This is the same Bob Iger whose company enthusiastically operates a theme park and peddles movies in the People’s Republic of China, which government spies on its citizens with, among other things, facial recognition software and which government has locked up millions of PRC citizens—Muslim Uighurs, for the most part, but not exclusively—in “reeducation” camps reminiscent of the worst of Mao’s camps.

Since neither Iger nor Disney has any concern for the lives of aborted babies or for the principles of freedom generally, it will be far more than very difficult (no quotes necessary) for me to patronize any Disney movies, parks, or other product or service.

It will be impossible for me to do so.

Too Bad

The FCC is working up a rule that would allow phone companies to automatically block robocalls.

Businesses demur.

The proposal is part of an effort to cut down on unwanted and illegal robocalls, but some businesses fear it could result in carriers also blocking automated calls from legitimate firms.
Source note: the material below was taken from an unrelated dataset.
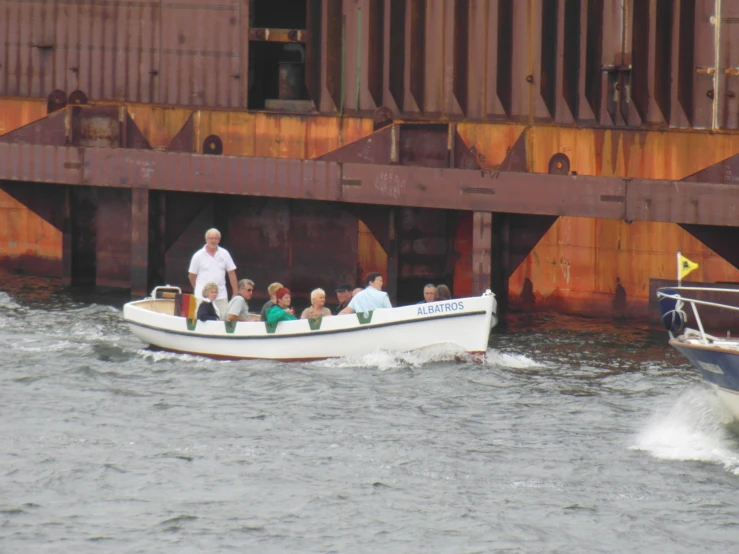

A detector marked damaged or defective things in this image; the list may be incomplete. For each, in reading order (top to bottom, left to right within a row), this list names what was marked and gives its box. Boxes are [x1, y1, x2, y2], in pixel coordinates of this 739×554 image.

rusty metal structure [1, 1, 739, 320] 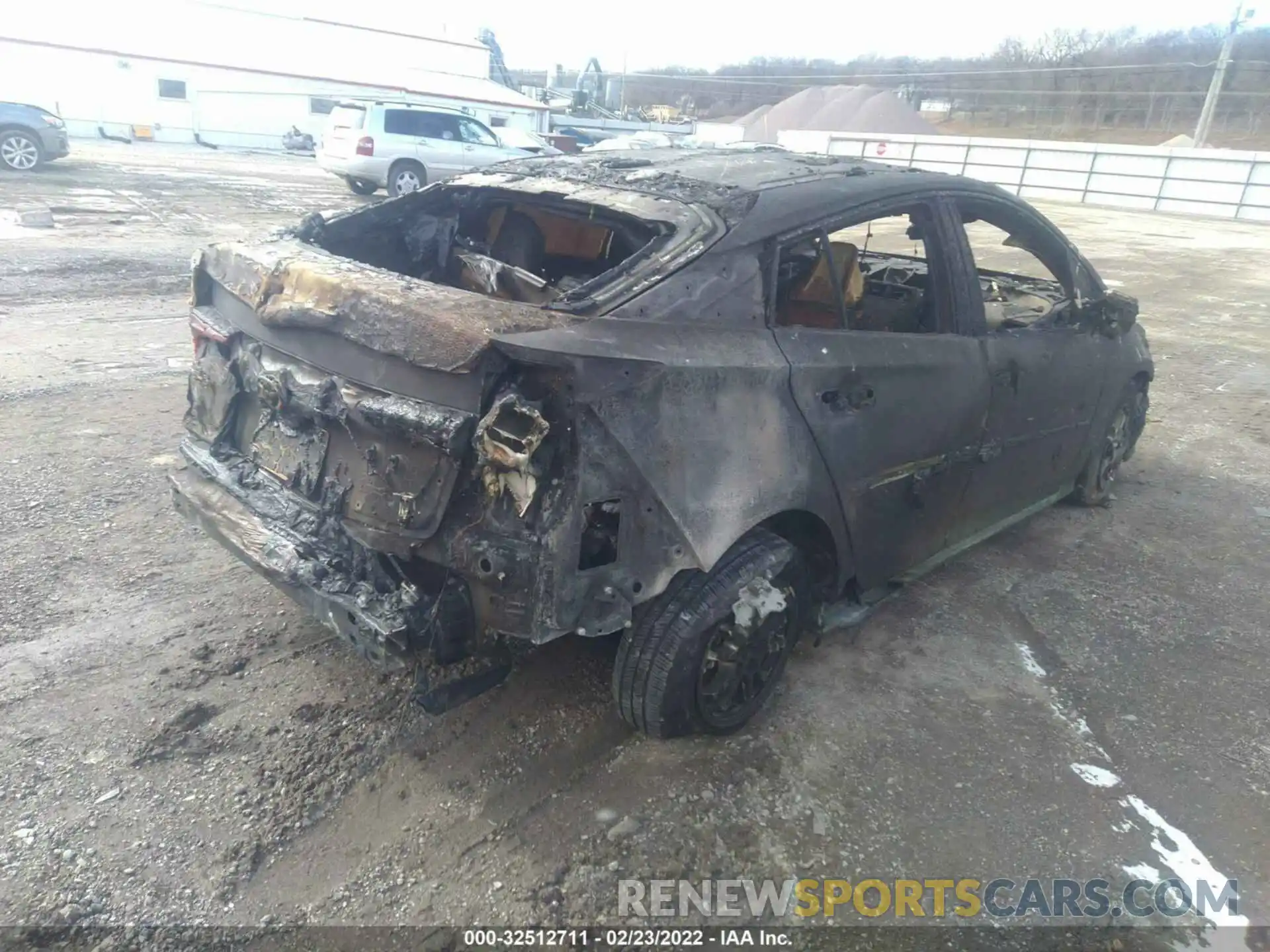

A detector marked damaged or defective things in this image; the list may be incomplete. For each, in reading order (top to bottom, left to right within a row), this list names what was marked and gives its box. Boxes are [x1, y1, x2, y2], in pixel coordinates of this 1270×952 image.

Banks, collection agencies, and merchants say automated calls are crucial, even though some consumers find them annoying.

And

It’s important that the commission take a hard look at some of the proposals to make sure that they are appropriately targeted to address the problem, illegal automated calls[.]
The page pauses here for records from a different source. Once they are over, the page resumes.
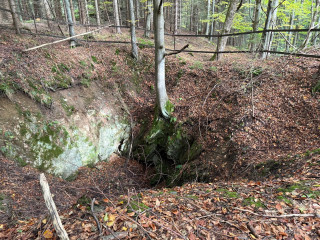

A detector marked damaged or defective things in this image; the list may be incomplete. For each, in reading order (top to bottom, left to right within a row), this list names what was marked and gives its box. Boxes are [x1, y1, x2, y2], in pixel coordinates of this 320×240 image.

broken stick [39, 173, 69, 239] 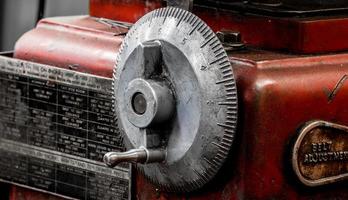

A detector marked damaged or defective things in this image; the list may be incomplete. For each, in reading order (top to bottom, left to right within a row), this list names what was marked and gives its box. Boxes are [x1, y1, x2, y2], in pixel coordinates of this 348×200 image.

rusty red paint [89, 0, 348, 54] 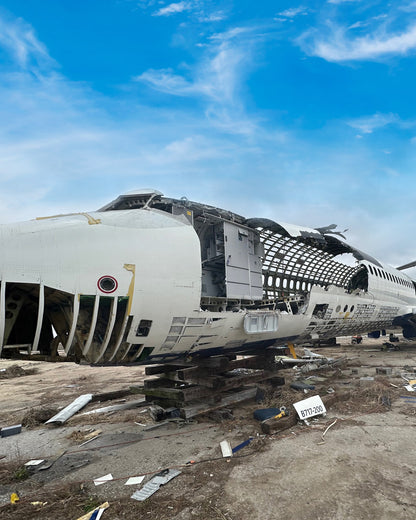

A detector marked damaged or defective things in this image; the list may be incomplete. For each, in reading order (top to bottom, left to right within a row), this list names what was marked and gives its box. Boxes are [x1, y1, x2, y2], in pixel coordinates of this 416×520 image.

wrecked commercial airplane [0, 188, 414, 366] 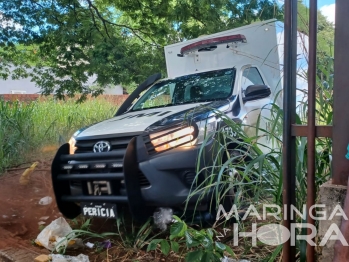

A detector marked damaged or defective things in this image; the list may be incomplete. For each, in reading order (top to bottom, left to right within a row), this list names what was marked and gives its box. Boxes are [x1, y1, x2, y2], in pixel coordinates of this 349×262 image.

rusty metal pole [280, 0, 296, 260]
rusty metal pole [330, 0, 348, 186]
Sorry, guys.  It’s not only illegal automated calls the want blocking.  So do annoying calls—and it’s the customer, the recipient, who makes that determination, not the business caller.  Businesses don’t get to barge into someone’s home without permission—which is what an unwanted, annoying call is, just as much as physically coming through the door.

Then there’s this gem:

The current call-blocking proposal could mean financial-services companies such as mortgage or educational lenders are unable to reach customers for informational purposes, which could keep them from complying with separate consumer-protection rules requiring such companies to contact customers under certain circumstances[.]

This adds cynical disingenuosity to the companies’ arrogance.  Blocking robocalls doesn’t even begin to render businesses unable to reach customers for informational purposes.  Business employees are fully capable of making telephone calls themselves, rather than relying on their bots—but that would require the business to have an actual human on one end of the call actually having to interact, live, with the customer.  This might be inconvenient to the business employee, but that’s singularly unimportant.  Even the cost increment from using a live person on a real phone call is the customer’s call to make, not the employee’s.

Business employees are fully capable of sending emails—even though customers are fully capable of recognizing spam and having those automatically filtered.  If an employee doesn’t want his email filtered, he’ll make it look like serious business correspondence rather than gussying it up with advertising and other froo-froo.  Software makes mass emails—even serious business emails—fast and simple and leaves the process cheap.

Business employees are fully capable of writing letters—they have their customers’ snail mail addresses on file as a matter of course.  If an employee doesn’t want his letter to go straight into the trash or recycling unopened, he’ll make his letter look like a serious business letter: he’ll have his name and return address (both, mind you) in the upper left corner of the envelope, and he won’t gussy up that envelope with advertising or other froo-froo.

Blowing Up Settlements

The one being sabotaged here is between Facebook and the FTC over the FTC’s proposed settlement of Facebook’s “mishandling” of consumer privacy data, including surrendering millions of consumers’ personal information to Cambridge Analytica.

FTC Chairman Joseph Simons has the (Republican) votes he need to impose the settlement, from the FTC’s perspective, on a 3-2 partisan vote.  He’s quite rightly trying to get at least one of the Progressive-Democrats on the board to vote with him, but they’re bleating that a $5 billion fine and other controls don’t go far enough.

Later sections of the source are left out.